Drag and Heat Reduction for Blunt Bodies in Hypersonic Flows Using a Novel Double Aerodisk
Abstract
High speed aerodynamic drag and heating are the two major causes of concern in fly missions of hypersonic vehicles. For such flows, the installation of an aerospike in front of the vehicle's nose has been an effective solution for reducing wave drag and thermal loads over the vehicle's body for years. In this study, a novel design of the blunt nose attached with a double-aerospike for hypersonic vehicles is proposed, which reduces both the drag and the aerodynamic heating.
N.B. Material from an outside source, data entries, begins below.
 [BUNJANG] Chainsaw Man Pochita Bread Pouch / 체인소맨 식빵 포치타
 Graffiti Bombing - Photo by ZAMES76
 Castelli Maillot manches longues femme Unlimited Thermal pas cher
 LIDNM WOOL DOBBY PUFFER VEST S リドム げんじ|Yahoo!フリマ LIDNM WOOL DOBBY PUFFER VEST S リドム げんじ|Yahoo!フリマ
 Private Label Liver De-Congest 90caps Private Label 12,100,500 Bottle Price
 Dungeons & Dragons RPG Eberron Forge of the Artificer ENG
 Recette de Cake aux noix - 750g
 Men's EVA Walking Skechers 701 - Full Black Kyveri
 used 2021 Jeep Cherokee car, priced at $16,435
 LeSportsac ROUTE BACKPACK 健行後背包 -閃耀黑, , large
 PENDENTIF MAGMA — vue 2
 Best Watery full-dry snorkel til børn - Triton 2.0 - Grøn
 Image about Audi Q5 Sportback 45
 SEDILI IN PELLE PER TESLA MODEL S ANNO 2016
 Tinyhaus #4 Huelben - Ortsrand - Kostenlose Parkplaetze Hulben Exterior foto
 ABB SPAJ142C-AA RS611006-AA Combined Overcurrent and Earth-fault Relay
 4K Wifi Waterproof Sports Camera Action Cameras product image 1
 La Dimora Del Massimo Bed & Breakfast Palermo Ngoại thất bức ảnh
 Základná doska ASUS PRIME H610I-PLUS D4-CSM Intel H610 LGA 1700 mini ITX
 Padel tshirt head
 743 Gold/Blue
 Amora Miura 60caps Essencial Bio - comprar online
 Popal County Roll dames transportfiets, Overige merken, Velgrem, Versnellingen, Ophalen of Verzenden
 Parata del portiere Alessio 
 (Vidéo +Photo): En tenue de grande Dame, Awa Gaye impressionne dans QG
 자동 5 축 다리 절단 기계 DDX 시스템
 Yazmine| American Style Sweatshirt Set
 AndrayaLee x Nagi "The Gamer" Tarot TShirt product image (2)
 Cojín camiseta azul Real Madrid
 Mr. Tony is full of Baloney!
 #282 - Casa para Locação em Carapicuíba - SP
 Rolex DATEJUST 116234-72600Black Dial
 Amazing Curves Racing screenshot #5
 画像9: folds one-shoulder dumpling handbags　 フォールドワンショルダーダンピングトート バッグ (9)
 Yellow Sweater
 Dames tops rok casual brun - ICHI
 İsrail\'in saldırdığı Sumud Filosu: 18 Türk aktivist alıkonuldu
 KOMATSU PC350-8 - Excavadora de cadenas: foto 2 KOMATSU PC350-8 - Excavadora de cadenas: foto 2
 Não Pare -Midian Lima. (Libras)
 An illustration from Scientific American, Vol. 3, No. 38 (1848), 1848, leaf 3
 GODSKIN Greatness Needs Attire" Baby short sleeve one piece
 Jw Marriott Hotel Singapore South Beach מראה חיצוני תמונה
The fluid and thermal fields around the double-aerospike at the ratio of spike length (L) to diameter of the blunt body (D) of 2 and various angles-of-attack (AOA) are investigated numerically using ANSYS-Fluent at a Mach number of 6. The results show a good agreement with the available experimental data of a flat-faced attached single aerospike and that the novel double aerospike significantly reduces the drag coefficient by 15.55% and 29.23% at 5º and 8º angles-of-attack, respectively, compared to the single spiked configuration. The novel double aerospike reduces the aerodynamic heating for all the studied angles of attack (α=0º, 5º & 8º). The modified configuration also shows a reduction in the temperature difference between the upper and lower frontal areas of the blunt body by 96.25% at 8º AOA compared to the single spike model.